[EXERCISE DIRECTIONS]
Exclude the pictures, and otherwise reproduce the data in full.

[DATA FOR THIS EXERCISE]
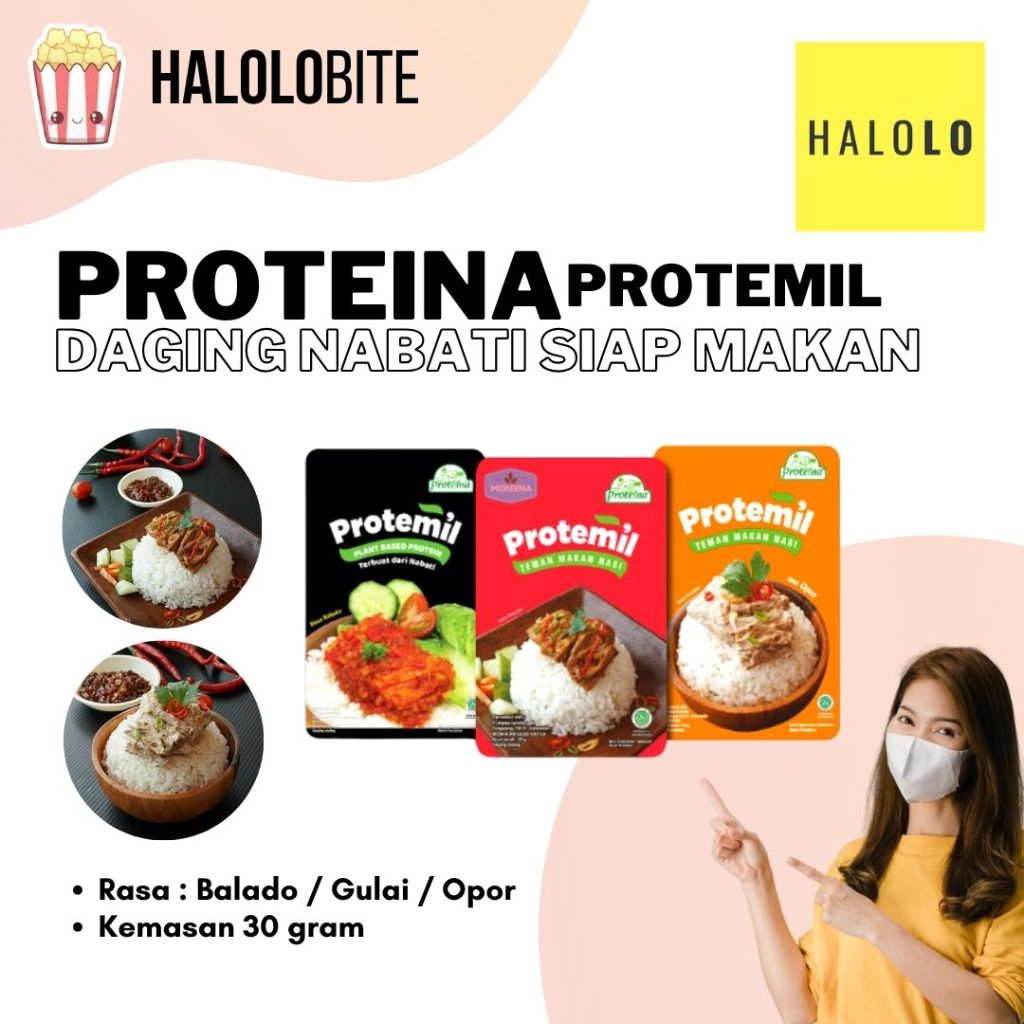 

Proteina Protemil Daging nabati Instant Rasa Balado/Gulai/Opor 30 Gram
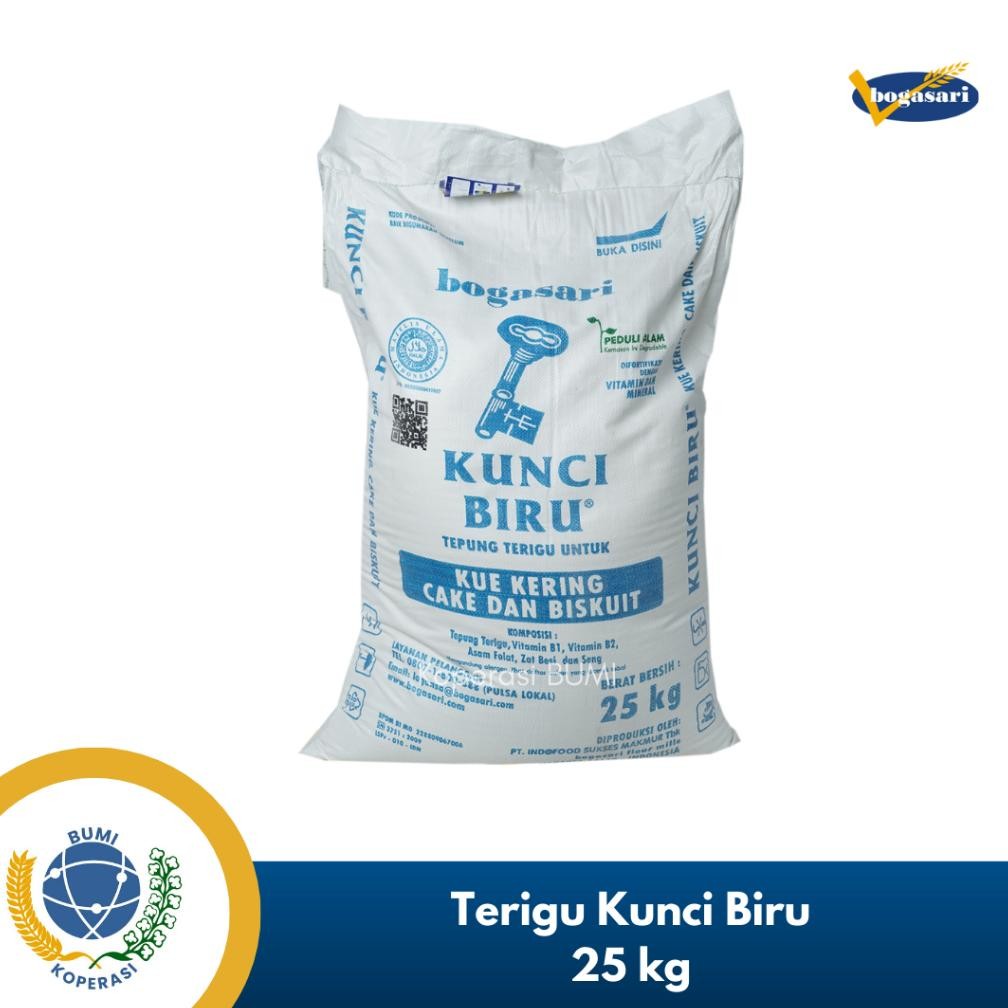 

Tepung Terigu Bogasari Kunci Biru 25 Kg Protein Rendah SV13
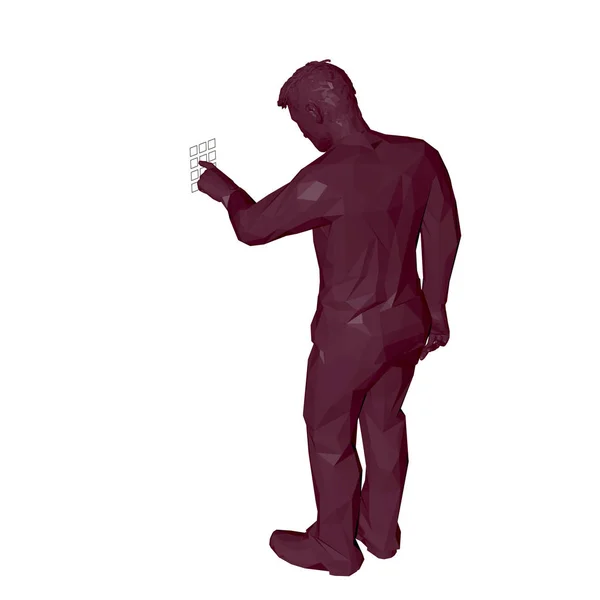Hombre ingresando código pin. 3d baja poli vector ilustración . — Archivo Imágenes Vectoriales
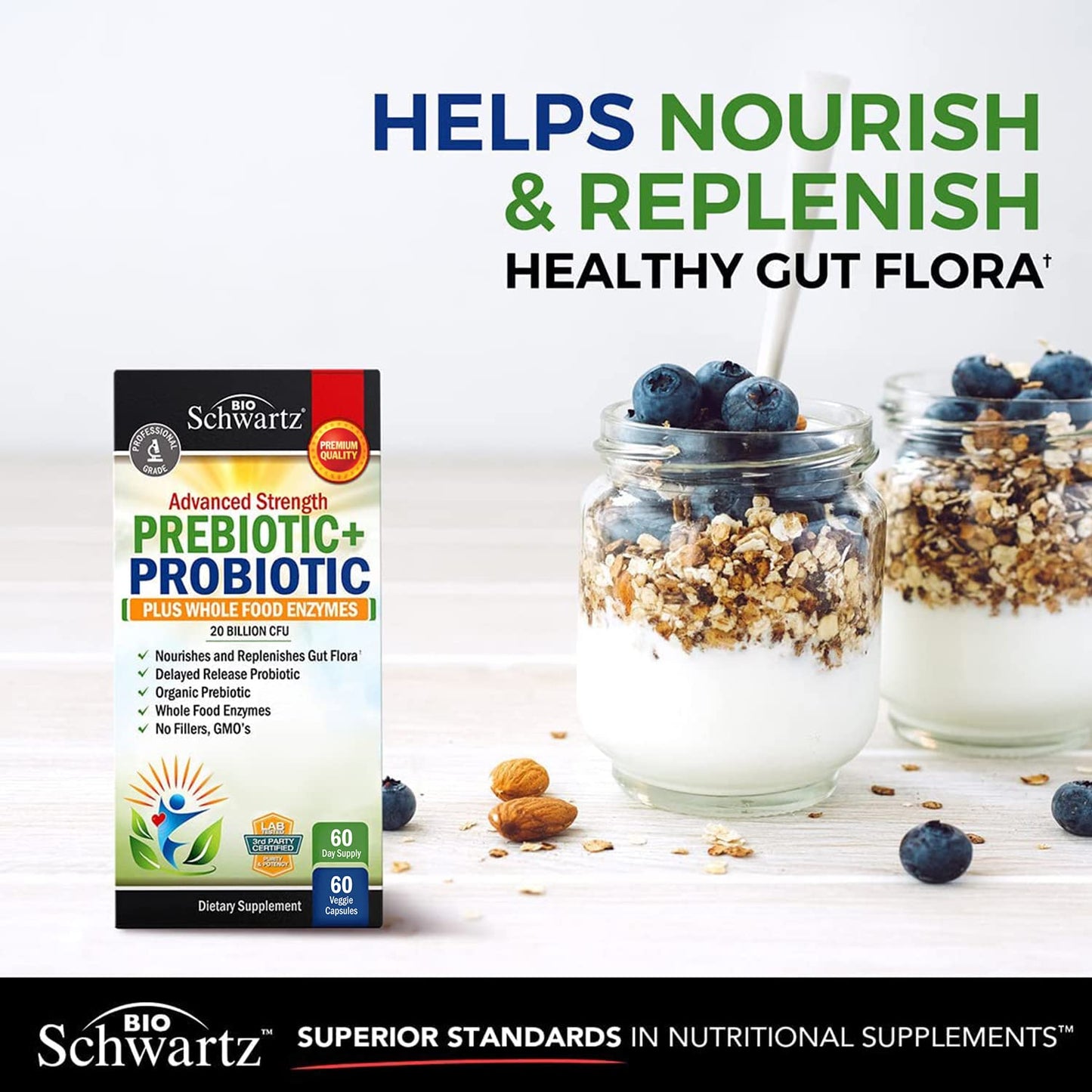 BioSchwartz Super Greens Powder with Probiotics, Prebiotics and Digestive Enzymes, 30 Servings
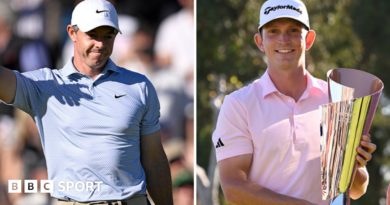 Rory McIlroy celebrates and Jacob Bridgeman holds the trophy at the Genesis Invitational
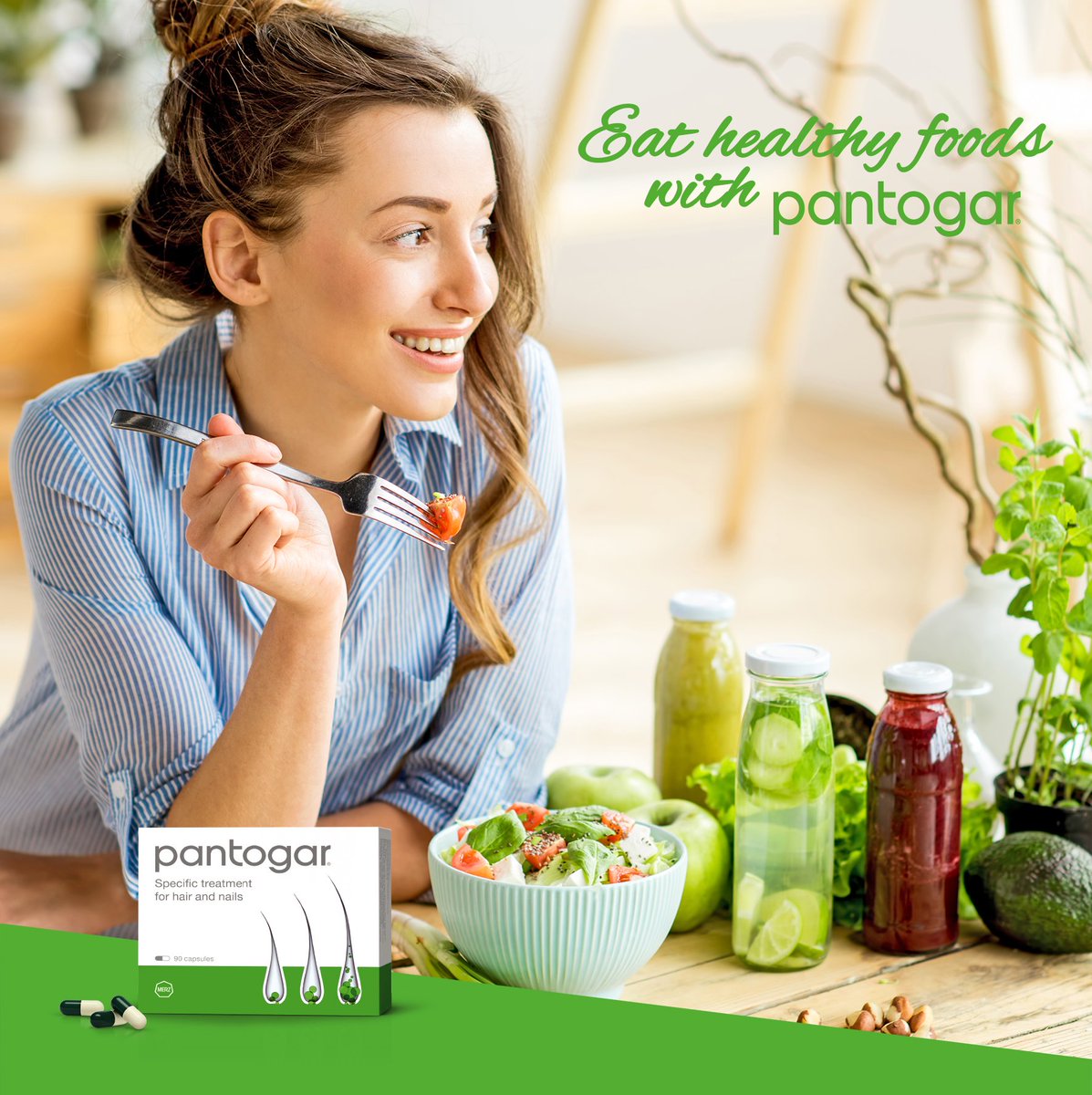 PantogarUAE's tweet photo. Healthy food is the fuel for beautiful, strong hair. Be sure to eat healthy meals with lots of vegetables, fruits and proteins. Also don't forget to drink plenty of water every day!
#pantogar
#healthyfood https://t.co/91dquhOiqn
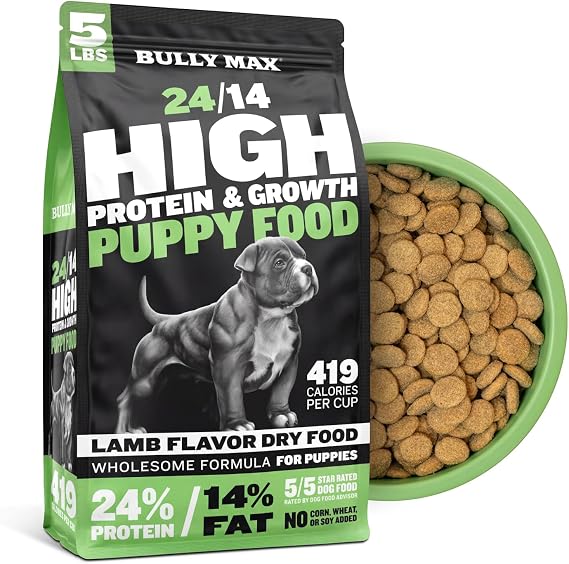 Bully Max Puppy Food 24/14 High Protein & Growth Formula - Dry Dog Food with Lamb and Rice for Small and Large Breed Puppies - Chicken Free, 419 Cal/Cup, Sensitive Stomach Kibble, 5 lb Bag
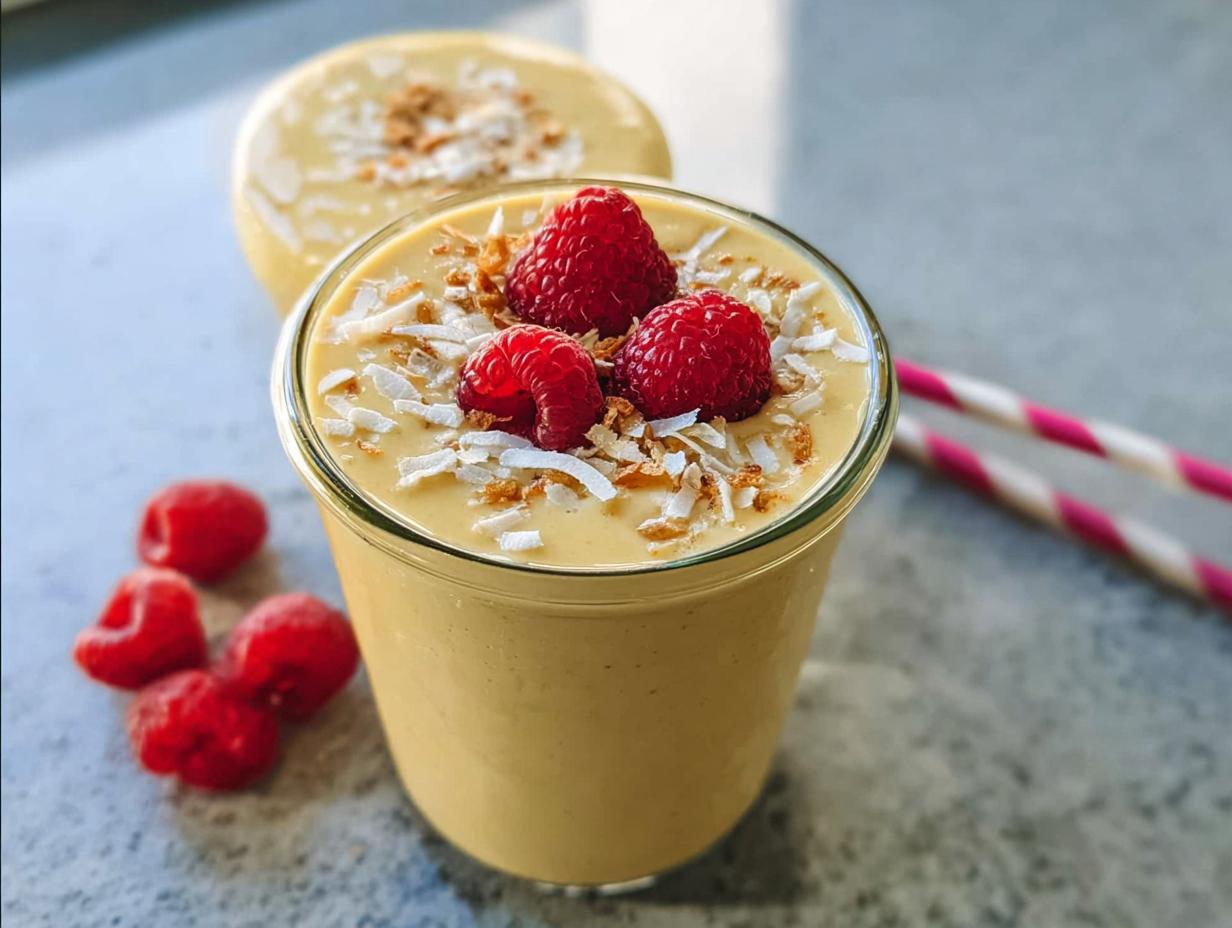 Close-up of a yellow High-Protein Fruit Smoothies topped with fresh raspberries and coconut flakes.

[RESPONSE AREA]
Proteina Protemil Daging nabati Instant Rasa Balado/Gulai/Opor 30 Gram

Tepung Terigu Bogasari Kunci Biru 25 Kg Protein Rendah SV13
Hombre ingresando código pin. 3d baja poli vector ilustración . — Archivo Imágenes Vectoriales
 BioSchwartz Super Greens Powder with Probiotics, Prebiotics and Digestive Enzymes, 30 Servings
 Rory McIlroy celebrates and Jacob Bridgeman holds the trophy at the Genesis Invitational
 PantogarUAE's tweet photo. Healthy food is the fuel for beautiful, strong hair. Be sure to eat healthy meals with lots of vegetables, fruits and proteins. Also don't forget to drink plenty of water every day!
#pantogar
#healthyfood https://t.co/91dquhOiqn
 Bully Max Puppy Food 24/14 High Protein & Growth Formula - Dry Dog Food with Lamb and Rice for Small and Large Breed Puppies - Chicken Free, 419 Cal/Cup, Sensitive Stomach Kibble, 5 lb Bag
 Close-up of a yellow High-Protein Fruit Smoothies topped with fresh raspberries and coconut flakes.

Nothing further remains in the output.